Recently, Rep. Steve Stockman posed for a photo op with his Bitcoin address on a big QR code, which got shared. He has a Bitcoin donation page which asks for identifying info and goes through BitPay, but of course anyone could send him Bitcoin anonymously, without using that page, if they know the address to send it to.
The Libertarian Party and CoinPAC have Bitcoin donation pages that don't outright list their addresses, but block chain analysis of a donation would probably reveal their main address(es), and those addresses might have received contributions that didn't go through the donation pages. (The LP's page doesn't even require giving your info for it to show you the donation address.)

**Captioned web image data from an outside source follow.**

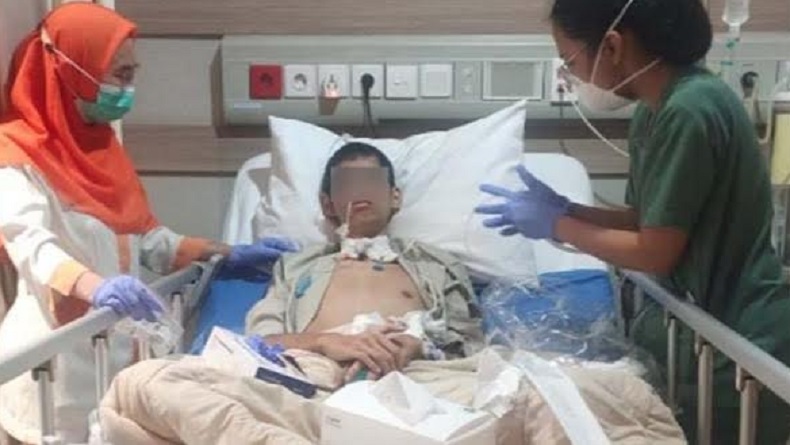 Unbraw Siap Bantu Advokasi Mahasiswanya Luka Parah Terjerat Kabel Fiber Optik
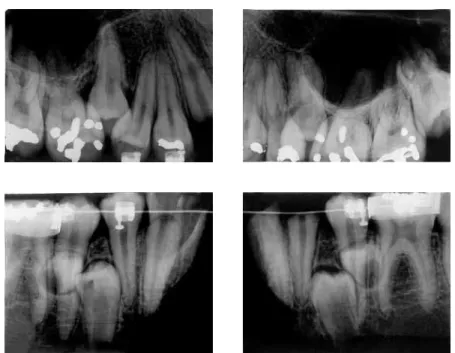 FIGURE 3 - Postmortem radiographs show supernumerary teeth in maxillary and mandibular arches,  as well as brackets and bands in mandibular molars.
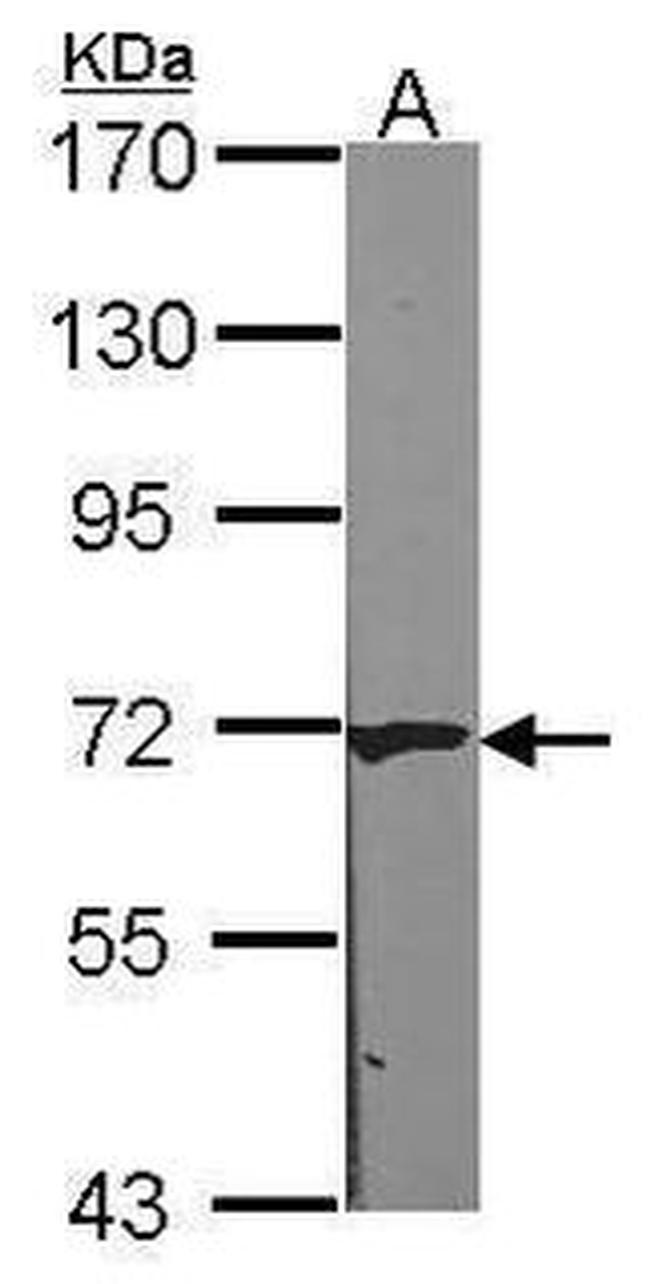 CAT1 Antibody in Western Blot (WB)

Stockman & LP's donation pages use BitPay; CoinPAC's uses Bitcoin Builder (which in turn uses Coinbase).
The Livingston County Libertarian Party (addr) and Jim Fulner (addr) publish their Bitcoin addresses openly on their websites, and the Bitcoin Voters PAC published a list of their Bitcoin addresses in their official FEC registration filing‡. None of them even have Bitcoin donation pages that collect info, so of course anything sent to them presumably wasn't properly attributed.
The FEC requires PACs to know the identity of all contributors (especially for "in-kind" contributions, i.e. anything other than fiat currency). If any of the above received any Bitcoin contributions that didn't get attributed to a specific person (e.g. by going through a donation page that requires disclosing your ID before telling you the address to donate to), that'd probably be an unlawful unidentified in-kind contribution.
For our upcoming FEC advisory opinion request about how to handle Bitcoin, I'd like to have example(s) of how:
- it's not possible to "refuse" a Bitcoin transaction (e.g. someone contributing to the above outside of their donation pages)
- it's not possible to reliably refund a Bitcoin to the control of the person who sent it (e.g. a transaction that was laundered or came from an exchange)
- some transactions are worth less than they cost to get rid of (e.g. dust or complex / intentionally large-byte-size transactions)
Our request proposes a framework for how to deal with these problems (e.g. one could donate unattributed Bitcoin contributions to a charity). I just want real-life examples I can point to that show it's not a purely theoretical issue.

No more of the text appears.